### [Supplied data]
-*-*-
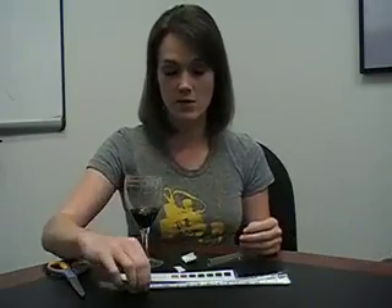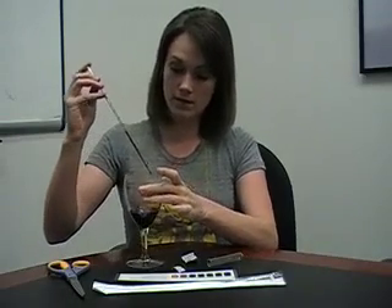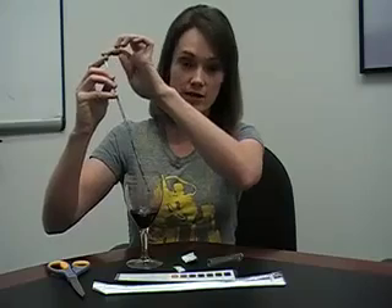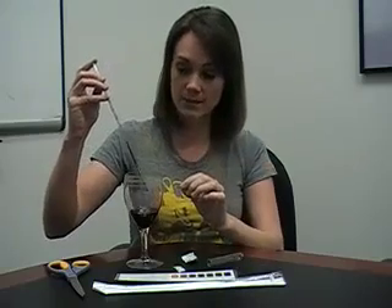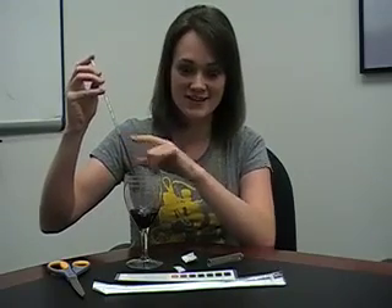Next, we're going to take a 1 milliliter pipette and we're going to drop a 0.5 milliliter sample of the wine. Don't forget to put your finger at the top of the pipette in order to keep the wine where you want it to be. Right now it's at exactly 0.5, so that's great.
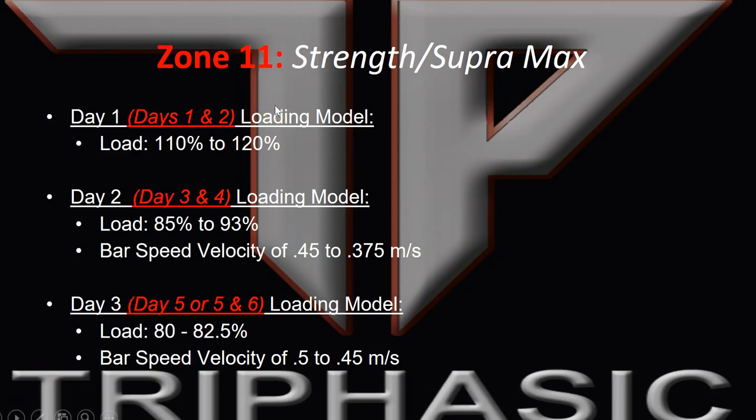In zone 11 of triphasic training zones, we have strength and supermaximal loading. This one's more strength-based days versus a supermaximal day. The only supermaximal day in a three-day plan is on Monday, which is 110 to 120% of your max, which is done eccentric isometrically.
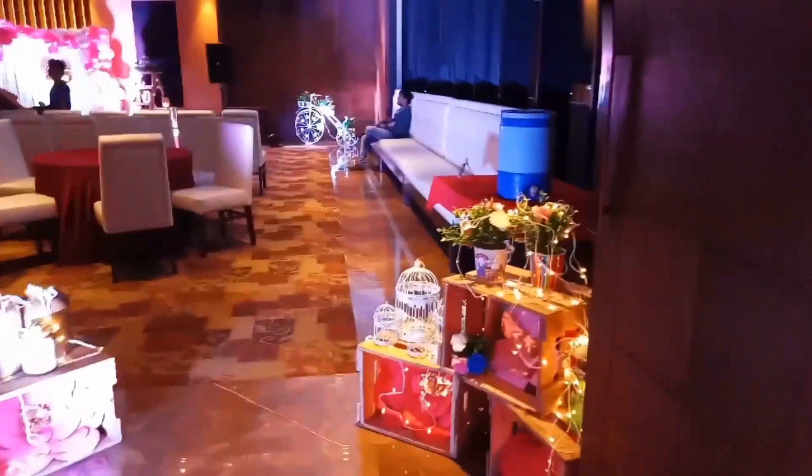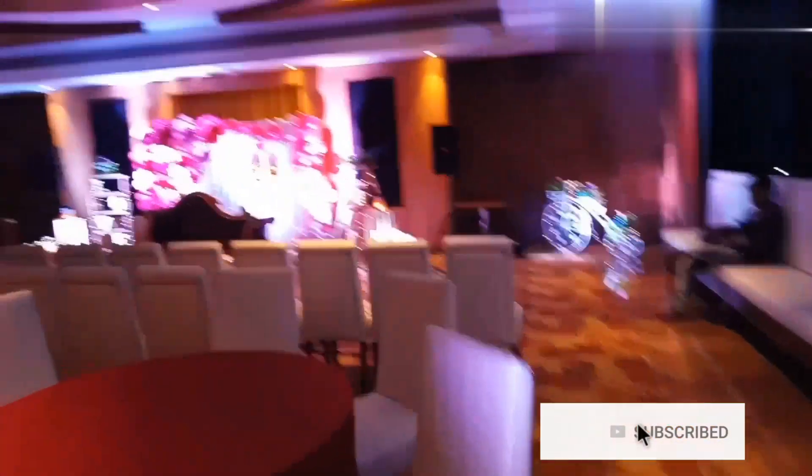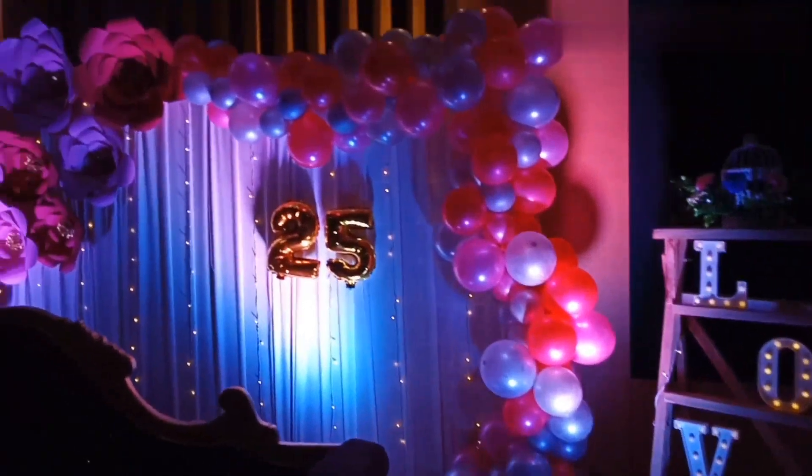Alright, so as you can see, this was the starting of the hall of the event. It was held at Spice Villa in Surat. It has a good capacity of around 100 to 150 people. And yes, you can see the decor as well. The event was organized and managed by Maven Events and Wedding Planners.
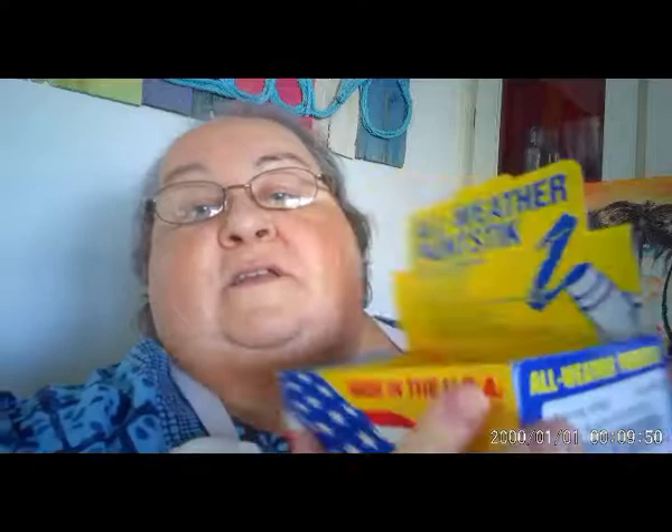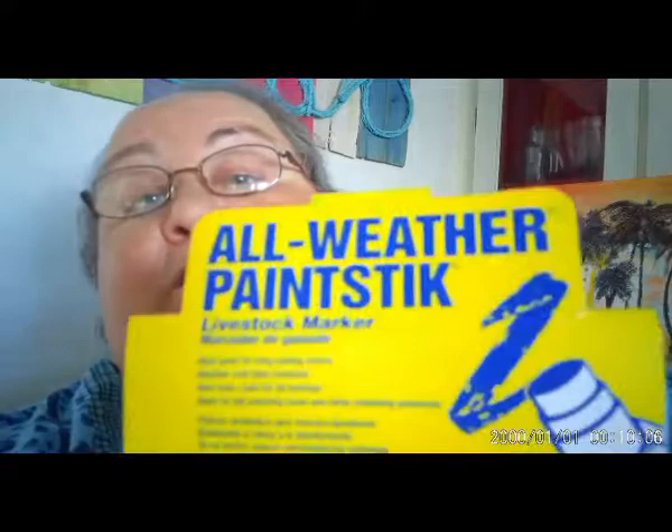The company that I found that provides the paint that I like — it's made in the USA, yay for that — and they're all-weather paint sticks. The reason that they need to be all-weather is great, because it means they're archival. If it's going to be able to hold up to weather, then you know it's going to be able to hold up to a little bit of sunshine hitting it when it's on your wall. If you look closely, you'll see it says livestock markers.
-*-*-
### [Problem to work on]
Everything from the line containing "In zone 11 of" through the last line of the listing above must be output exactly, except the pictures.

### [Exercise solution]
In zone 11 of triphasic training zones, we have strength and supermaximal loading. This one's more strength-based days versus a supermaximal day. The only supermaximal day in a three-day plan is on Monday, which is 110 to 120% of your max, which is done eccentric isometrically.
Alright, so as you can see, this was the starting of the hall of the event. It was held at Spice Villa in Surat. It has a good capacity of around 100 to 150 people. And yes, you can see the decor as well. The event was organized and managed by Maven Events and Wedding Planners.
The company that I found that provides the paint that I like — it's made in the USA, yay for that — and they're all-weather paint sticks. The reason that they need to be all-weather is great, because it means they're archival. If it's going to be able to hold up to weather, then you know it's going to be able to hold up to a little bit of sunshine hitting it when it's on your wall. If you look closely, you'll see it says livestock markers.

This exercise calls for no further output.